Material for the task:
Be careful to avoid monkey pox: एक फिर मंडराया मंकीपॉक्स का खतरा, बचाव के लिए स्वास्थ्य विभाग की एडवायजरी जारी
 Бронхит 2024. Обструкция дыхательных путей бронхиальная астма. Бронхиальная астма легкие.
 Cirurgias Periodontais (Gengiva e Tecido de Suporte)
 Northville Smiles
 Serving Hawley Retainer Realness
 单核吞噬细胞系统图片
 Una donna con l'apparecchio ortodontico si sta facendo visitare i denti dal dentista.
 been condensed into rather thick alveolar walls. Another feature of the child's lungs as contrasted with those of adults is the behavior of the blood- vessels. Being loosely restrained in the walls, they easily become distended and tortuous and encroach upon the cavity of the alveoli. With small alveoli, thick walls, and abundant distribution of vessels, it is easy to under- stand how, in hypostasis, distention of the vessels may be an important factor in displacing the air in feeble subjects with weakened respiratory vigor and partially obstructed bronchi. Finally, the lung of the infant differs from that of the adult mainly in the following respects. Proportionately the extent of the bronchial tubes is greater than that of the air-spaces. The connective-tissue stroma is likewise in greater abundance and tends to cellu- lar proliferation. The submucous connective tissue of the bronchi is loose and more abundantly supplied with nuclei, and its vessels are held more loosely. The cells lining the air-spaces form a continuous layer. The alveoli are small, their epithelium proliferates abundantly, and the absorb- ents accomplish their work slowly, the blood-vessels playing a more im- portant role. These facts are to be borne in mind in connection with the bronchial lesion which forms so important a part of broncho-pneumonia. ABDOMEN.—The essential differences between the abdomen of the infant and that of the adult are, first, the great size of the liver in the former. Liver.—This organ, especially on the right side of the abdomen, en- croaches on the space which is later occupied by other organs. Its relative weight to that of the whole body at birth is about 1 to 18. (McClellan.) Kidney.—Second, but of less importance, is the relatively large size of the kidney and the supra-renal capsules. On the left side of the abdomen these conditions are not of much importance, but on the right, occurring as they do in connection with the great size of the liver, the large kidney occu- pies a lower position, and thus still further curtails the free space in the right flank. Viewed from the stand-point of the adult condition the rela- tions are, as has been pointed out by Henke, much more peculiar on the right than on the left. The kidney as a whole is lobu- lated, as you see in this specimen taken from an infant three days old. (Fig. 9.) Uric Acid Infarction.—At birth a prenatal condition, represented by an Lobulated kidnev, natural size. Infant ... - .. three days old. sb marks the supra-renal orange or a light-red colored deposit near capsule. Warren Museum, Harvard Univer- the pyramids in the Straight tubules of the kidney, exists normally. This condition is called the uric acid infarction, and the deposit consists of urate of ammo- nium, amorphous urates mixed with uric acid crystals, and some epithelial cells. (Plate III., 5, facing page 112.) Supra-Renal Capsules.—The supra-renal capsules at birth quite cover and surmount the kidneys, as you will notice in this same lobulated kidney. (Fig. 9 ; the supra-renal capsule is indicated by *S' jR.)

Task description: Out of the material above, output word for word the line with "Бронхит 2024. Обструкция", the line with "Una donna con", and all lines between them, with nothing else.

Exercise output:
 Бронхит 2024. Обструкция дыхательных путей бронхиальная астма. Бронхиальная астма легкие.
 Cirurgias Periodontais (Gengiva e Tecido de Suporte)
 Northville Smiles
 Serving Hawley Retainer Realness
 单核吞噬细胞系统图片
 Una donna con l'apparecchio ortodontico si sta facendo visitare i denti dal dentista.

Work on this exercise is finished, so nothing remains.